Acceptor-driven synergy in dihydropyridine-based compounds reveals giant static and frequency-dependent hyperpolarizabilities: a quantum exploration

Abstract

Dihydropyridine carbonitrile derivatives exhibit strong nonlinear optical (NLO) performance due to efficient charge-transfer properties, making them promising for optical applications. In current study, dihydropyridine carbonitrile based compounds (CTP1–CTP6) were designed by structural modeling of reference compound (CTPR) with malononitrile-based acceptors for utilization as NLO materials. All quantum chemical calculations were performed via DFT and TD-DFT methods at the M06/6-311G(d,p) level of theory. The designed molecules have donor–π–acceptor (D–π–A) framework, and this push–pull archiecture was improved by the introduction of electron-withdrawing moiety on acceptors. FMO analysis revealed small energy gaps and effective charge transfer from donor to acceptor regions. The absorbance maxima varied from 412 to 584 nm, indicating a redshift in optical behavior. The significant NLO properties were investigated in CTP4, including average polarizability (1.443 × 10⁻²² esu), first-order hyperpolarizability (9.279 × 10⁻²⁸ esu), and second hyperpolarizability (4.231 × 10⁻³³ esu), owing to its good optoelectronic properties.

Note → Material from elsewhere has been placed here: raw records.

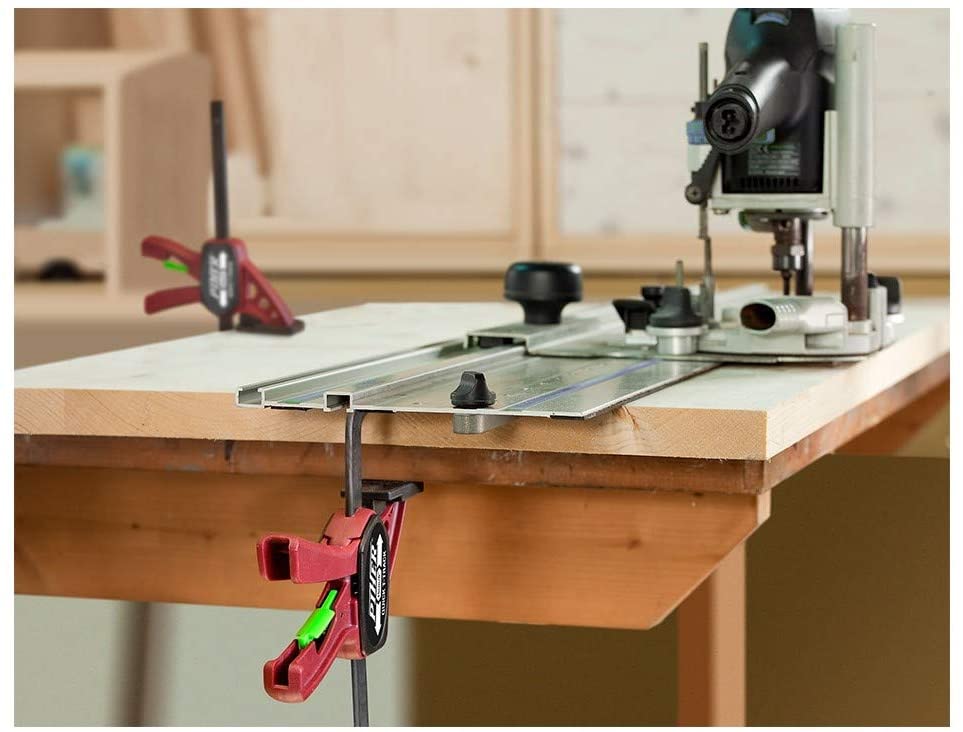 Serre joint rapide Quick T-track en place sur un établi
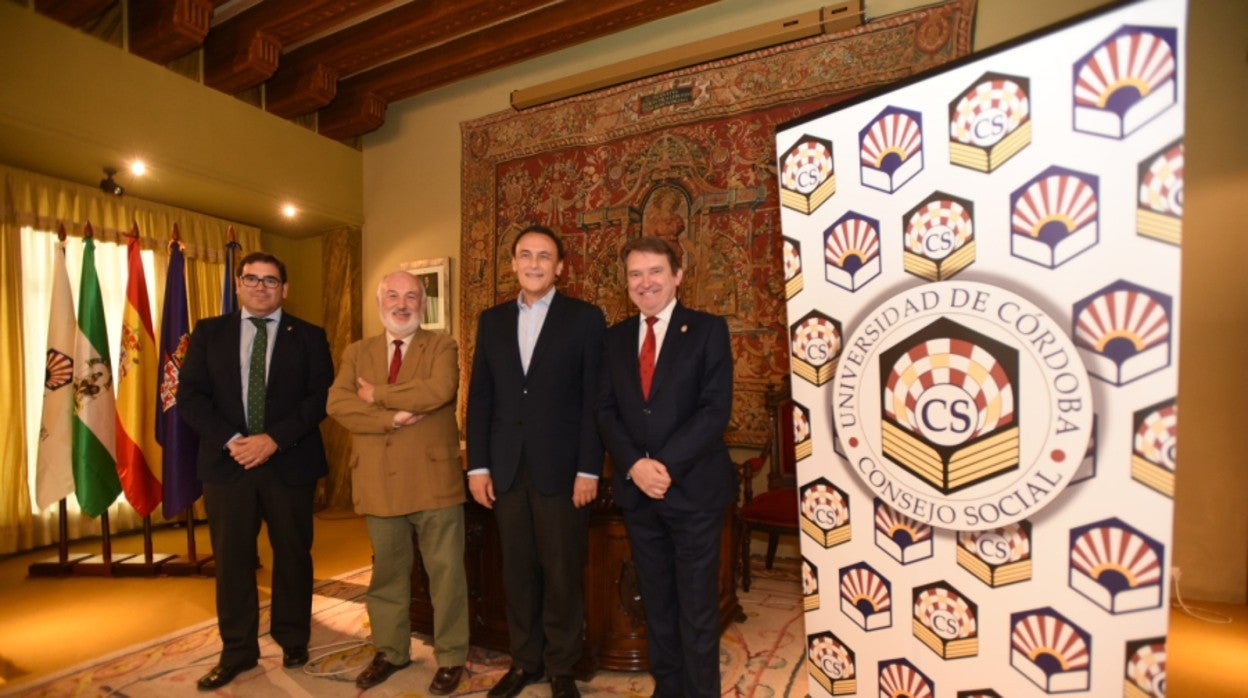 El presidente del Consejo Social, junto al rector, el vicepresidente y el secretario, momentos antes de empezar el pleno.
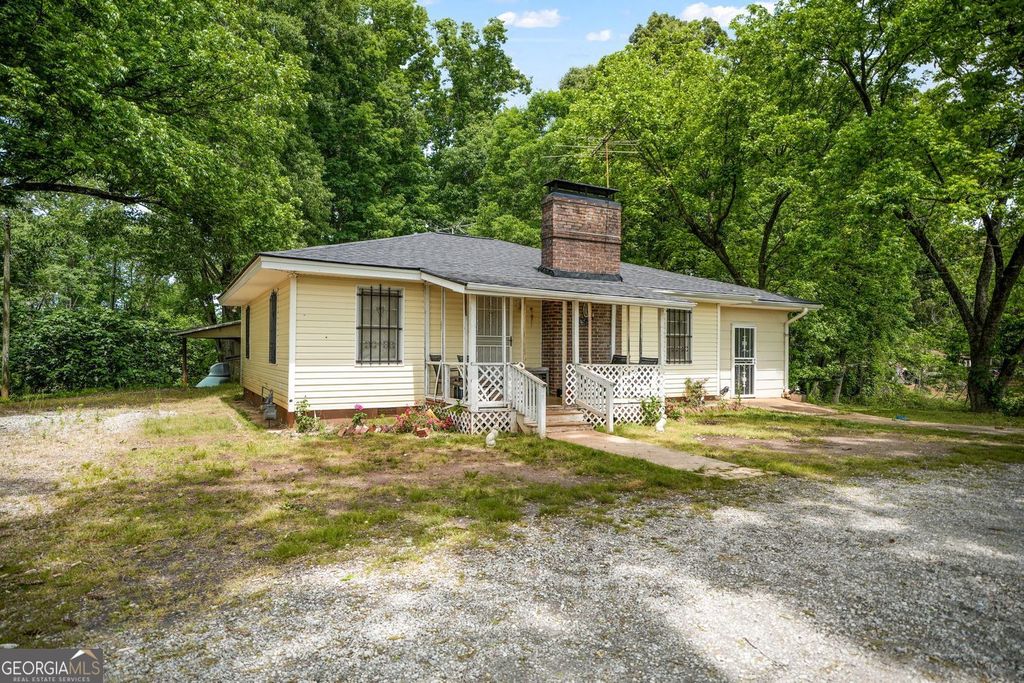 Photo of 3911 Blackstock Road, Talmo, GA 30575 (MLS # 10756366)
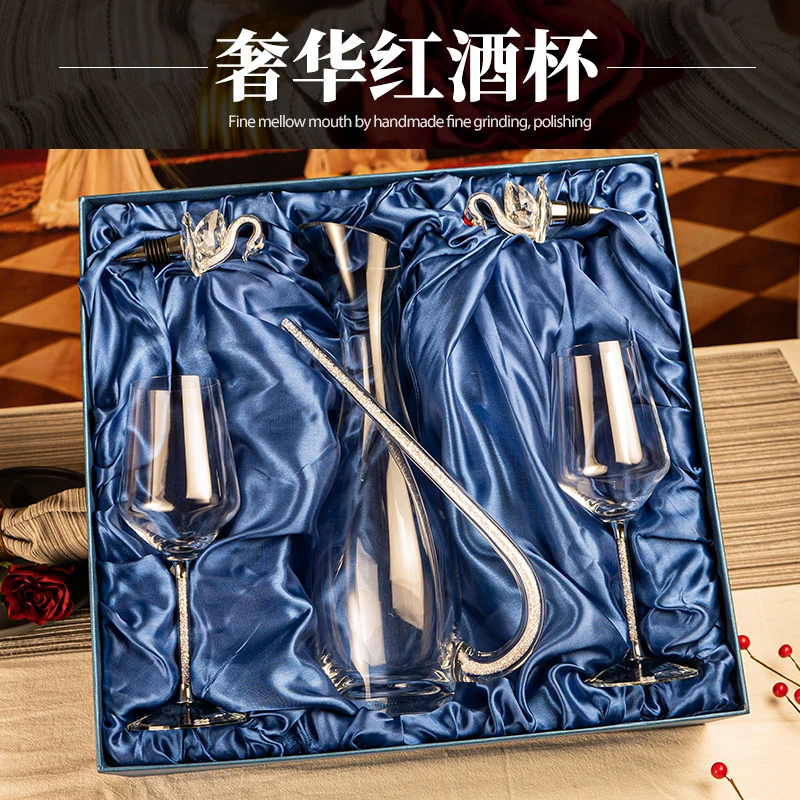 Red Wine Glass Decanter Set Home Use, Light Luxury High-end Goblet Champagne Glass, Housewarming Wedding Gi
Red Wine Glass Decanter Set Home Use, Light Luxury High-end Goblet Champagne Glass, Housewarming Wedding Gi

The first hyperpolarizability shows a remarkable enhancement, with a maximum value of 9.279 × 10⁻²⁸ esu (CTP4), which is nearly 10²–10³ times higher than that of para-nitroaniline (p-NA), the standard reference compound. These findings qualitatively indicate that structural modification can greatly enhance the charge-transfer efficiency and quantitatively make the studied systems promising for high-performance optoelectronic and photonic applications.